India has a high TB and HIV burden.Incidence of discontinuation of first line ATT due to toxicity (Hepatotoxicity,skin reactions and gastrointestinal symptoms) amongst HIV/TB coinfected patients in resource limited settings like India have been inadequately studied
In a cohort of 1556 HIV patients,TB screening (WHO symptom score) was done at every visit.Sputum smear exam and radiological investigations were done in case of a positive score. All TB patients were started on 4 drug (Isoniazid+Rifampin+Pyrazinamide+Ethambutol),weight based,daily ATT. Baseline TB drug sensitivity testing was not done.Demographic data and CD4 counts were collected at baseline and every 6 months.Liver function tests (LFT-Total Bilirubin/Aspartate aminotransferase (AST)/Alanine aminotransferase (ALT)) were done at baseline and Day 15,30 and 90 of starting ATT.Patients developing symptoms like nausea,vomiting and jaundice on ATT were also subjected to LFT estimation.Hepatotoxicity was defined as any increase in AST/ALT/Bilirubin above baseline in presence of symptoms or asymptomatic increase in AST/ALT/Bilirubin > 5 times upper limit of normal (ULN).Risk factors were identified by univariable and multivariable logisitic regression analysis. Multivariable model was adjusted for age,gender,hepatitis B,baseline CD4,baseline haemoglobin (Hb),baseline LFT and addictions.Those stopping ATT due to grade ¾ Hypersensitivity skin reaction (HSR) were also recorded.
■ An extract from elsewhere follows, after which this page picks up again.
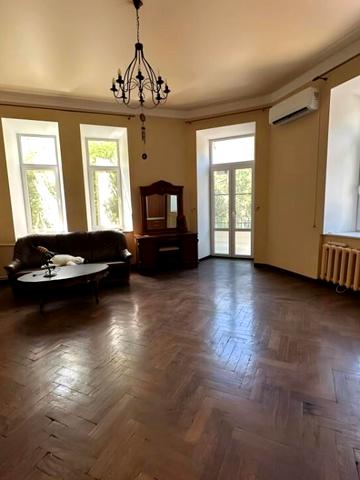 Ковальська вул., 25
Results: 670 HIV patients (25.1% females) were diagnosed to have TB with median age of 40 (IQR 34-45)yrs and median baseline CD4 of 103 (IQR 59-180).24.41% patients developed hepatotoxicity. 5.5% developed Grade 3/4 toxicity (AST/ALT> 5 times ULN). Median time to toxicity was 15 days. Pyrazinamide was offending drug in 95.7% patients. Baseline CD4 <=100 (p=0.036)and baseline Hb <=10 (p=0.0001) were associated with hepatotoxicity in multivariate regression analysis. 2 deaths were linked to hepatotoxicity. 3.28% patients developed grade ¾ HSR with Rifampicin being the most common culprit.Overall 25.97% patients stopped ATT due to toxicity
High incidence of ATT discontinuation in HIV/TB coinfected patients due to toxicity is a matter of concern as it entails shifting to alternate antitubercular drugs which are expensive,more toxic and less potent.